**Work instructions:**
Your answer is the line containing "Skoda Octavia Combi RS 2.0 Taklucka" plus every line after it through the end of the records, printed exactly and free of pictures.

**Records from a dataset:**
•••
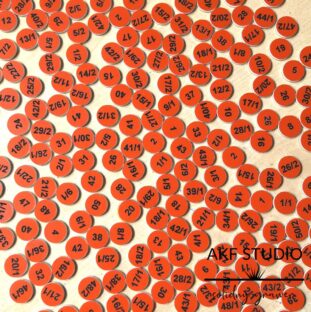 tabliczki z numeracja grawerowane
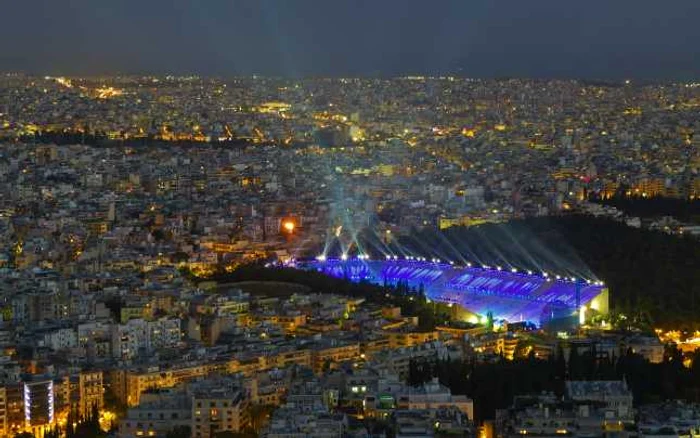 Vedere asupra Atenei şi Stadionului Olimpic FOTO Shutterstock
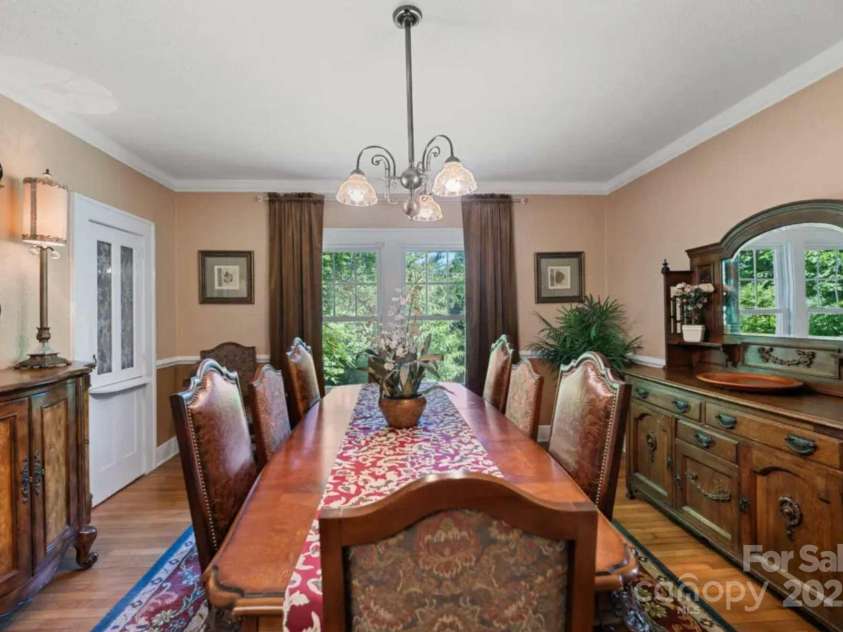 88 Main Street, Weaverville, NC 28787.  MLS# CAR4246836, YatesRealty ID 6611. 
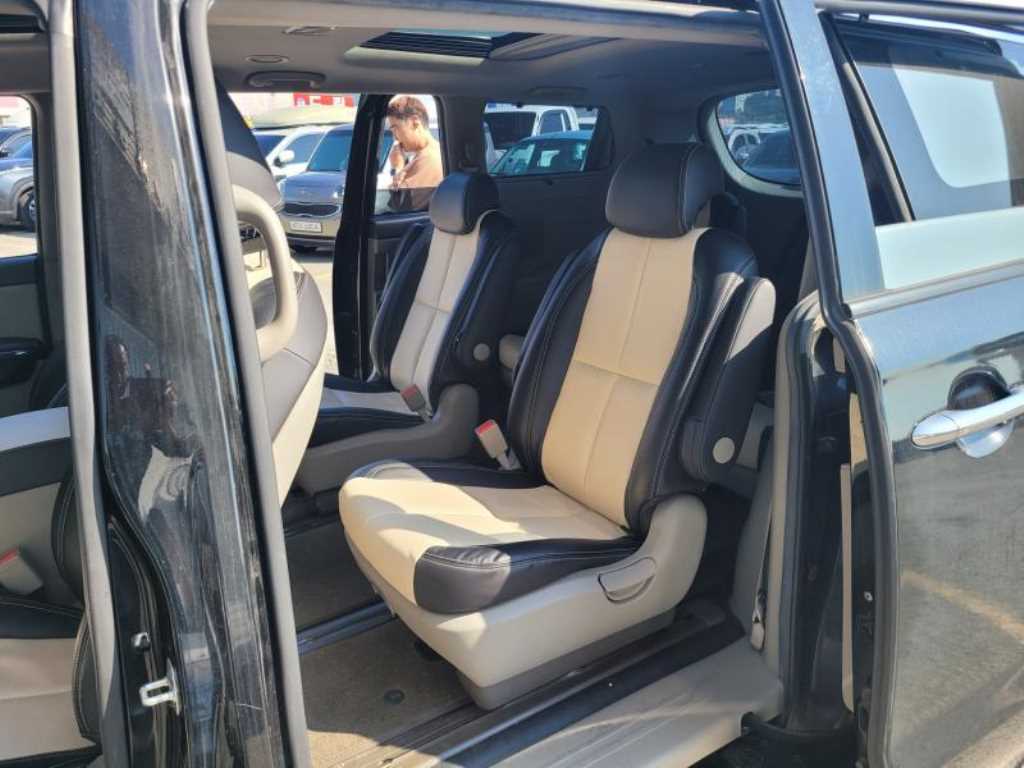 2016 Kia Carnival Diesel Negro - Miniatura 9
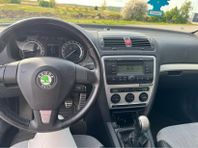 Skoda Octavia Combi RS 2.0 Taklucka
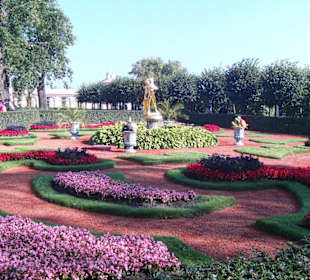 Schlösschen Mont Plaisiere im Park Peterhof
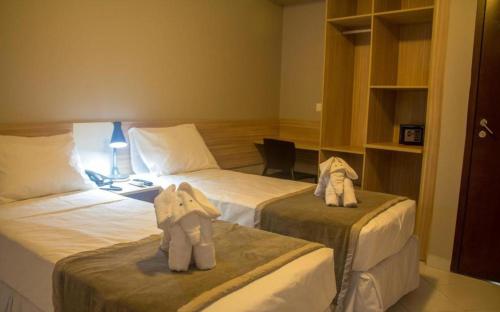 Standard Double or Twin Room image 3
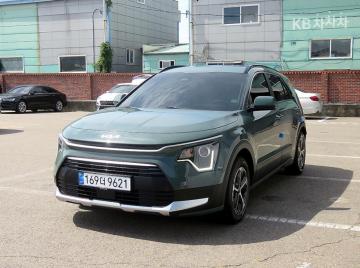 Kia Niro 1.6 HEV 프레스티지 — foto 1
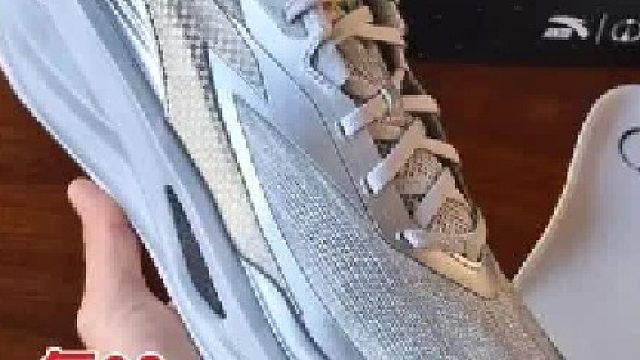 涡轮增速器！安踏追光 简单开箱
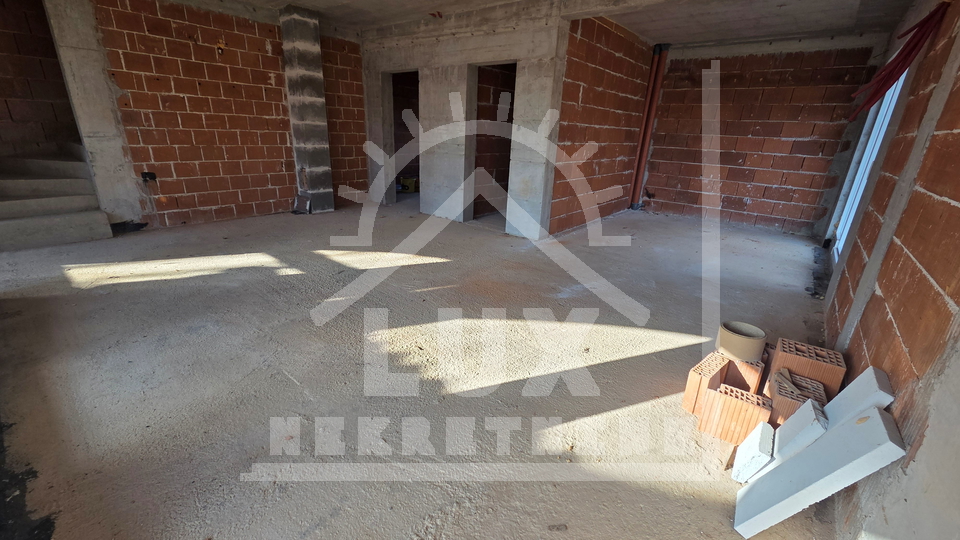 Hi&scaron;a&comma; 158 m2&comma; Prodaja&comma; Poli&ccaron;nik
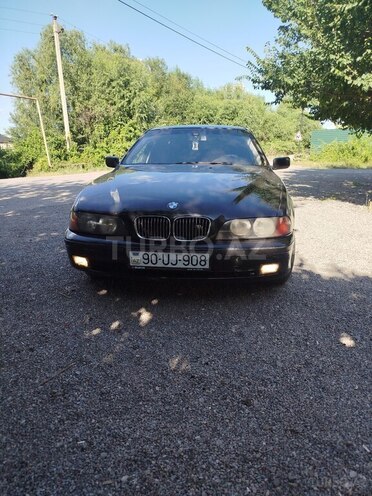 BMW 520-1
•••
**Exercise solution:**
 Skoda Octavia Combi RS 2.0 Taklucka
 Schlösschen Mont Plaisiere im Park Peterhof
 Standard Double or Twin Room image 3
 Kia Niro 1.6 HEV 프레스티지 — foto 1
 涡轮增速器！安踏追光 简单开箱
 Hi&scaron;a&comma; 158 m2&comma; Prodaja&comma; Poli&ccaron;nik
 BMW 520-1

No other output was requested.